Hassan declaró ser parte de una secta en Lagos que la instruía para asesinar a sus víctimas usando un polvo, tras lo cual extraía el corazón y otros órganos para rituales vudú. A pesar de tener un historial de comportamientos violentos, pocos imaginaban que tan joven podría convertirse en una de las más sanguinarias asesinas de la historia de Nigeria.
Los inicios en la secta y la magnitud de los crímenes
Iniciada en la secta a los 7 años, coincidiendo con los primeros de sus 51 crímenes —ocurridos en 1995—, se sospecha que pudo haber contado con la ayuda de alguien más para cometer estos homicidios. La menor aseguró que un funcionario llamado Michael Ashade Akinona también participó en los asesinatos. Posteriormente, la policía detuvo al hombre, y según el portavoz de la fuerza nacional, Haz Iwendi, se encontraron "ollas negras, polvos y otros objetos relacionados con el ocultismo" en su casa.
Entre sus confesiones, "la bruja precoz" comentó: "Asistimos a reuniones en una iglesia en Lagos por la noche, donde nos instruyen sobre qué partes del cuerpo humano debemos tomar". "Siempre usamos un polvo para matar. Una vez que se lo aplicamos a una persona, muere y le quitamos el corazón", añadió.

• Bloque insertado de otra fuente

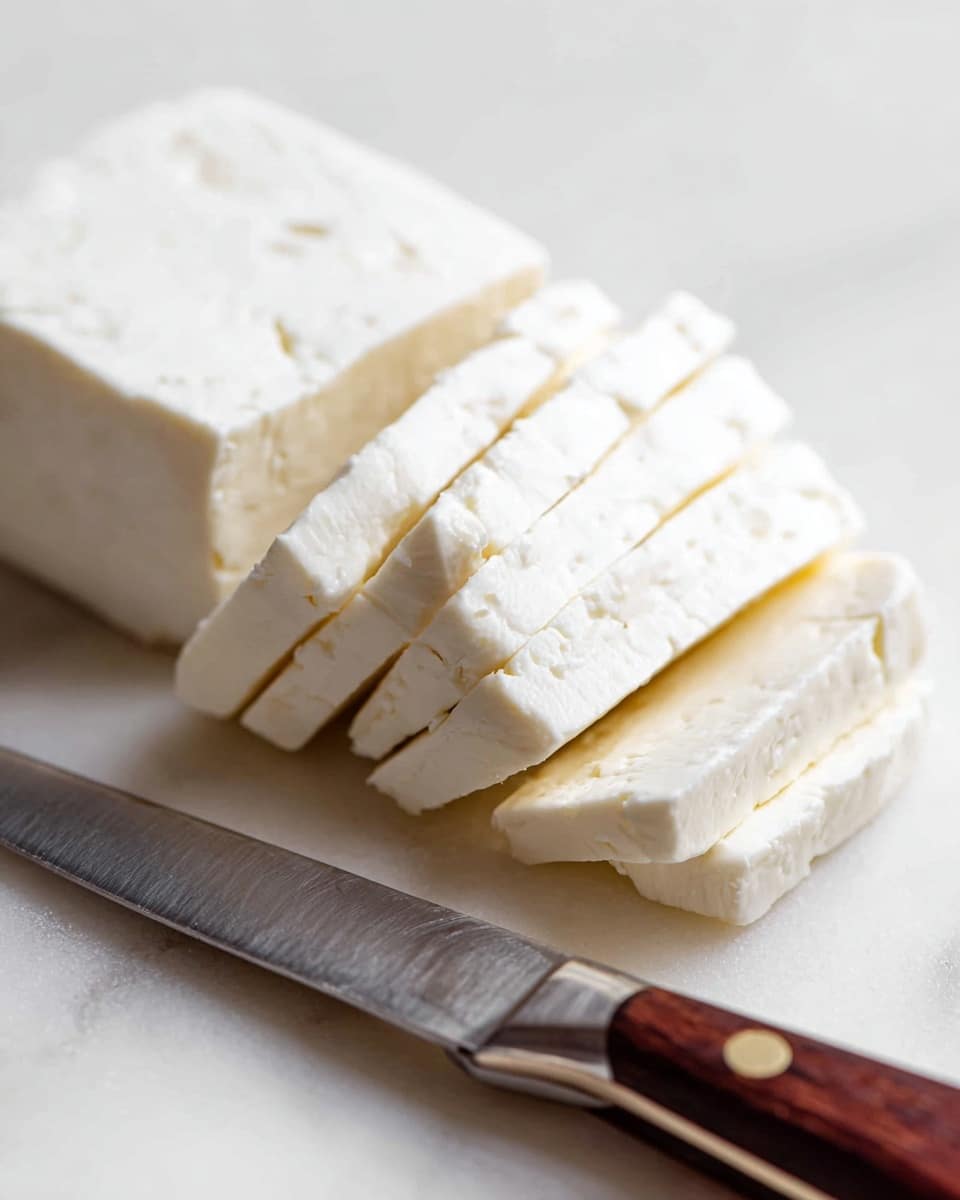 The image shows a block of white cheese sliced into several thin pieces, arranged in a slightly spread stack on a white marbled surface. The cheese has a smooth and soft texture with some small, light markings. Next to the cheese, there is a silver knife with a dark brown wooden handle, lying flat on the surface. The focus is close up, showing the details of the cheese and knife clearly. photo taken with an iphone --ar 4:5 --v 7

El asesinato de su padre y otros antecedentes violentos
Sobre el asesinato de su padre, reveló que lo mató porque era un "obstáculo" que le impedía quitarle la vida a su abuela. Los investigadores señalaron que esta criminal tenía antecedentes de delitos, incluyendo el incendio de la casa de un vecino y un intento de asesinato de otra adolescente.
Al ser llevada al tribunal por el crimen del niño, se ofreció a guiar a la policía a las tumbas de otras víctimas, pero no se hallaron más cuerpos. La policía también investigaba su denuncia sobre una iglesia en Lagos que supuestamente recibía órganos de víctimas de asesinato, incluidos corazones y ojos.

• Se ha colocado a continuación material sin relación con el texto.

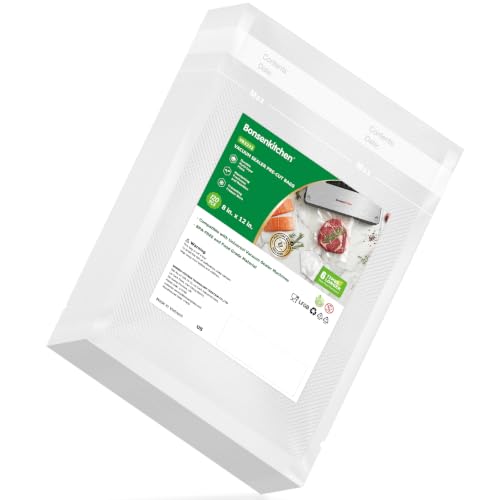 Bonsenkitchen Precut Vacuum Bags 120 Quart 8" x 12" - size: 8" x 12" 120pcs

La condena y el paradero actual
Lo último conocido de Hassan es que fue condenada a 15 años de prisión por el crimen del pequeño, aunque se buscaban más cuerpos para aumentar su condena a prisión perpetua. Sin embargo, no se avanzó en este sentido. Además, se informó que al ingresar a la cárcel, inició una huelga de hambre como forma de protesta.